Clinical Management of HAE
Clinical management of
hereditary angioedema (HAE) is complex and includes avoiding potential
triggers, management of acute attacks, and prophylaxis.12
Acute and prophylactic needs of patients
Treatment of HAE is complex, because it can involve the use of separate algorithms:
- Treatment of acute HAE attacks.
- Prophylaxis, which includes preparation for exposure to known triggers, such as
dental procedures, surgeries, or giving birth, and treatment for patients with life-threatening,
Unlike in Canada and Europe, there were no specific treatments in the United States
for acute attacks of HAE prior to 2009. However, there are now 3 treatment options:
- Complement-1 esterase inhibitor protein
(C1-INH) concentrate for acute HAE attacks in adults and adolescents.12
kallikrein inhibitor for acute HAE attacks in individuals 12 years of age
- Bradykinin B2 Receptor Antagonist for treatment of acute HAE attacks in adults 18
years or older.
C1-INH therapy works by replacing the missing or malfunctioning C1-INH protein in
patients with a C1-INH deficiency. Adverse reactions linked to C1-INH therapy include nausea, diarrhea, abdominal pain, dysguesia, and muscle spasms.

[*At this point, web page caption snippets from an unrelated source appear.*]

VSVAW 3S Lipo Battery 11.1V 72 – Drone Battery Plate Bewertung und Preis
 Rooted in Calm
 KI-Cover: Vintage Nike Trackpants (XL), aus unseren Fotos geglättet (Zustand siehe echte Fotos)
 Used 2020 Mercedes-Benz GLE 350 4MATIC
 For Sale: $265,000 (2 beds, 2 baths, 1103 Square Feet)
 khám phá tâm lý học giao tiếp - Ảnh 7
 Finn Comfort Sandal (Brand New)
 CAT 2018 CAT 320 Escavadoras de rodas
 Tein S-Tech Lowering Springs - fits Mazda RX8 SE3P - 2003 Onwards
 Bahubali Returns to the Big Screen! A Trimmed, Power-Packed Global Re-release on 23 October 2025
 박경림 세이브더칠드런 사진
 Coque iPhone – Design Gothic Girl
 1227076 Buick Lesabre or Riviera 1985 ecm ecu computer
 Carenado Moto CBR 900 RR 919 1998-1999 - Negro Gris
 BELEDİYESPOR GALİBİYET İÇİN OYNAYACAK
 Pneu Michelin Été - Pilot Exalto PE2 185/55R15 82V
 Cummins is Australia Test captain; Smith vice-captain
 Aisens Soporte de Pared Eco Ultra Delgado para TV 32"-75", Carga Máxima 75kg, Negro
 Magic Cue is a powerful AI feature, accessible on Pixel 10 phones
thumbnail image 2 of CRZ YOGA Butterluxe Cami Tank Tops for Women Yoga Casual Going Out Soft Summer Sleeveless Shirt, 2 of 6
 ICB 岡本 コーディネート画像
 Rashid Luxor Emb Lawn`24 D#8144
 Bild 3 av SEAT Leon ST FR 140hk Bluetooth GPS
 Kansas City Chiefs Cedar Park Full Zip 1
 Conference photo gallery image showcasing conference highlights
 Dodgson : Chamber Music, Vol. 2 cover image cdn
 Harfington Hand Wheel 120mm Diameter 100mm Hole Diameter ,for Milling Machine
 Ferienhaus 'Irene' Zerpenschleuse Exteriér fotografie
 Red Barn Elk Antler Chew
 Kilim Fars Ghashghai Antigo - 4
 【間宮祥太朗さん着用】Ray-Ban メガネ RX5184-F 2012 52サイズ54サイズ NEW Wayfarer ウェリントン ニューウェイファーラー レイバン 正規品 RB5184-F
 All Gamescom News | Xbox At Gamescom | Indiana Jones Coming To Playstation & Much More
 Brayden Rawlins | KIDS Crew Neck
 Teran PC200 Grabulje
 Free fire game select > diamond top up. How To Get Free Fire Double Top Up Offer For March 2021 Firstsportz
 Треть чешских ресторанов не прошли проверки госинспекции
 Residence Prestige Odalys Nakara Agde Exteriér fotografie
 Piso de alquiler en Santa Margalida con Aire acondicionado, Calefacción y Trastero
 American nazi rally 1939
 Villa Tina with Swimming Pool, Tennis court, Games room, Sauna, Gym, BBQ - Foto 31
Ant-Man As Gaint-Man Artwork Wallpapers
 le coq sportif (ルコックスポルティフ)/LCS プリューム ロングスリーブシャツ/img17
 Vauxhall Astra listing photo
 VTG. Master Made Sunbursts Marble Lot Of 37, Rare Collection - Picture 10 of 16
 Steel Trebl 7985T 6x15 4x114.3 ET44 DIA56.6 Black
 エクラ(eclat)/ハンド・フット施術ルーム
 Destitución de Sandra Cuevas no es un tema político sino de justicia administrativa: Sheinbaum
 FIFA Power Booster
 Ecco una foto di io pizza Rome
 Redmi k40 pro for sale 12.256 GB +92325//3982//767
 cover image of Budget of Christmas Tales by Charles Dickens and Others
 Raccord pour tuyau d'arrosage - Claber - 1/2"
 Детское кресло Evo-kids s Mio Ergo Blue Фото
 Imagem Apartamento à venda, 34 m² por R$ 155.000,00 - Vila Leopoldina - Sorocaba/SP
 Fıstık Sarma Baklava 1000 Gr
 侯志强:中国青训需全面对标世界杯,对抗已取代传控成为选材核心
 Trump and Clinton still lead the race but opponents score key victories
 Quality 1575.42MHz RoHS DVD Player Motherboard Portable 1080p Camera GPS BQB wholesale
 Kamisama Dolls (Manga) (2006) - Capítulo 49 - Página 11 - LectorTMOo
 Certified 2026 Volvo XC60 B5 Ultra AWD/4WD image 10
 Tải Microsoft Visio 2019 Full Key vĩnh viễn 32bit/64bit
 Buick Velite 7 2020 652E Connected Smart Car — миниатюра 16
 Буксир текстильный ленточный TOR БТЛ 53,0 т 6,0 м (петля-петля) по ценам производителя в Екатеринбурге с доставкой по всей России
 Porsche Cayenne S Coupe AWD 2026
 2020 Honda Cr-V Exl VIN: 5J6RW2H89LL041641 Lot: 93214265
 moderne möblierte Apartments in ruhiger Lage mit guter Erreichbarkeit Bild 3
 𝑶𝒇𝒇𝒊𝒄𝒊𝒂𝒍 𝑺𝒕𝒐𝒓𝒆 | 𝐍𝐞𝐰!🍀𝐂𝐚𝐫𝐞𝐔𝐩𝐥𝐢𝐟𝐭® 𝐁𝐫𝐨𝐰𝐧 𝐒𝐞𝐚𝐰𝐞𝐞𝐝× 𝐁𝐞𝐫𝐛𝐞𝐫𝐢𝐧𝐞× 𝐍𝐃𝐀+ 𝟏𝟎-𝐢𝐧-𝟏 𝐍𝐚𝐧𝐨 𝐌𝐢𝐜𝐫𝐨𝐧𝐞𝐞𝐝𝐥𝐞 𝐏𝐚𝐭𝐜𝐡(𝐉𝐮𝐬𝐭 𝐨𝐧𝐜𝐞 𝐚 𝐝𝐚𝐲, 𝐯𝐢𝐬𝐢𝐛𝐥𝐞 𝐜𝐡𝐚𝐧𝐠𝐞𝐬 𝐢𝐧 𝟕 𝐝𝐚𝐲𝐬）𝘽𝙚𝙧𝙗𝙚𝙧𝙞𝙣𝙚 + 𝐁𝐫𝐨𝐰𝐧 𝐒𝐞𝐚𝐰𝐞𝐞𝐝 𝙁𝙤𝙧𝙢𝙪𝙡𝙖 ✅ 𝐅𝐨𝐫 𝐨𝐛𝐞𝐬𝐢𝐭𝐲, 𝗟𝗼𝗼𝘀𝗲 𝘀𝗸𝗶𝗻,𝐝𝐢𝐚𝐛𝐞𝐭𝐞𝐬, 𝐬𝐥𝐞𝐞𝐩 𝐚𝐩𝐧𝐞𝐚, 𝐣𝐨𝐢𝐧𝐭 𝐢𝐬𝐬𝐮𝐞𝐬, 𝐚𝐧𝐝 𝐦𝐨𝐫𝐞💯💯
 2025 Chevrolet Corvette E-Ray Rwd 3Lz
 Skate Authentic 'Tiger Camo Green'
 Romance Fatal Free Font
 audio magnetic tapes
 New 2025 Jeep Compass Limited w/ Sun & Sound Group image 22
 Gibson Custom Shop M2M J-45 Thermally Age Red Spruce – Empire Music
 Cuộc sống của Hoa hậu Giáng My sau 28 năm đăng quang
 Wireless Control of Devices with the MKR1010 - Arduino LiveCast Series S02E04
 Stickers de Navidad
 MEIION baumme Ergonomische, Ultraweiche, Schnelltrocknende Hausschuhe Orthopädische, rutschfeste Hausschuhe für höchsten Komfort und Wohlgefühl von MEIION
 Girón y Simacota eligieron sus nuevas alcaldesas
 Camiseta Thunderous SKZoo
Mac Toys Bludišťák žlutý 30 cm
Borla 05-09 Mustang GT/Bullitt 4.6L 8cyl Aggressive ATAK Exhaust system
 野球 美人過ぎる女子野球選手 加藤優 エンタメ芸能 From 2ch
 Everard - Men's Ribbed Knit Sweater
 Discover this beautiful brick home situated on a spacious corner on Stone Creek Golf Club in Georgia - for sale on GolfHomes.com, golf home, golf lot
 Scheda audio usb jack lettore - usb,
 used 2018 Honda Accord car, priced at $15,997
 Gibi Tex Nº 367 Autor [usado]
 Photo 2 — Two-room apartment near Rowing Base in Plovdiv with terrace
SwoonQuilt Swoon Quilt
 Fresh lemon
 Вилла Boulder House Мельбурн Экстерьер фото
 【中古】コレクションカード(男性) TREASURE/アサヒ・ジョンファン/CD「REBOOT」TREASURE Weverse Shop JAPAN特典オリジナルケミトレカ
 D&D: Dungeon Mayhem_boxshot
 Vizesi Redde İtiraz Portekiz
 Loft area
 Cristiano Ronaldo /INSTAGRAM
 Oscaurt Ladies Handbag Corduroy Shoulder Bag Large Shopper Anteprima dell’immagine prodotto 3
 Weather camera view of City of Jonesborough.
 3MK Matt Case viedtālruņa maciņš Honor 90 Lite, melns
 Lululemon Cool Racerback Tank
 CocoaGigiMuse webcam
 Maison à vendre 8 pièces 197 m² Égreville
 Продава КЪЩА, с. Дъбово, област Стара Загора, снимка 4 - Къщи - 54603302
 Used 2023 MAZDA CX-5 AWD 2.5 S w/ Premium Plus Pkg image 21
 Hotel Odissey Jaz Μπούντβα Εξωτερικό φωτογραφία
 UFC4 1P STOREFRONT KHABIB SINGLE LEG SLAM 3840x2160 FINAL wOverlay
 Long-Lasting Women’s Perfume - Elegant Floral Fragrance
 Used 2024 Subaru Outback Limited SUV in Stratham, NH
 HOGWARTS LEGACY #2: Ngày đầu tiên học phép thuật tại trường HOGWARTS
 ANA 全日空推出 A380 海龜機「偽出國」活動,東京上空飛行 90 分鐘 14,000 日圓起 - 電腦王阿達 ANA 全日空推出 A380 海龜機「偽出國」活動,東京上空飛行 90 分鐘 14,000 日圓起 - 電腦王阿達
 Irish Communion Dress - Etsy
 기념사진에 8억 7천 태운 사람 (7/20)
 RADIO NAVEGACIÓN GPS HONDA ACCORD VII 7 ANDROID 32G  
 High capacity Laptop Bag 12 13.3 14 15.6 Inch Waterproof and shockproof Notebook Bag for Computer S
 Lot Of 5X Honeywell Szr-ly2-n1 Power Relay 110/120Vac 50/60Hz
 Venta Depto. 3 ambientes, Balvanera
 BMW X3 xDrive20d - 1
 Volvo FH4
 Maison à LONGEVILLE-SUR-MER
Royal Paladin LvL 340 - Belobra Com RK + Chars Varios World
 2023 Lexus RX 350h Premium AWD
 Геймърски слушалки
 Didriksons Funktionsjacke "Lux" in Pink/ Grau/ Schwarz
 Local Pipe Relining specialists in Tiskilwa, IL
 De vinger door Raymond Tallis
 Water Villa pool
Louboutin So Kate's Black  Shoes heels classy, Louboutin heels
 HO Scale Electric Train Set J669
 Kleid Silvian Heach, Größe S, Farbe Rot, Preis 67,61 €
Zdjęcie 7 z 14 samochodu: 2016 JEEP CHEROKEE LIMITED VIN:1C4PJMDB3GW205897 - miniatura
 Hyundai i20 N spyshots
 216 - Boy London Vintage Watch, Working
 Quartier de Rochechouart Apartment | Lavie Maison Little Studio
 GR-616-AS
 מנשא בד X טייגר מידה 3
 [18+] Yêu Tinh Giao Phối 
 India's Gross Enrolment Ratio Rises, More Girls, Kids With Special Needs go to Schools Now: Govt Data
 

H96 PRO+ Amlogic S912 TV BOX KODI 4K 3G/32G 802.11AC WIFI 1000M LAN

A kallikrein inhibitor works by blocking the generation of kallikrein and its byproduct,
bradykinin, which is thought to cause HAE attacks. The therapy is generally
well-tolerated, but there have been reports of anaphylaxis associated with the administration
of this therapy.
Bradykinin B2 Receptor Antagonist
Bradykinin is a vasodilator thought to be responsible for the characteristic HAE
symptoms of localized swelling, inflammation, and pain. Bradykinin B2 receptor antagonists
bind to the bradykinin B2 receptor and prevent bradykin from activating this receptor.
This blocks bradykin from inducing the clinical symptoms of an acute, episodic attack
Prior to the use of newer agents, fresh-frozen plasma (FFP) was administered for
acute HAE attacks. Besides FFP, other treatments had included an increase in androgen
dosing and antifibrinolytic medications, such as
tranexamic acid or
epsilon-aminocaproic acid (EACA).2
Abdominal and laryngeal attacks
Abdominal and laryngeal attacks can be more severe and more dangerous than other types of acute attacks.
For abdominal attacks, treatment should be initiated as soon as possible to avoid
pain and disruption of the patient's life. Pain medications may also be helpful
during abdominal attacks. It is vital that treatment of laryngeal attacks
be initiated at the first signs of such an attack (eg, dysphagia, hoarse voice).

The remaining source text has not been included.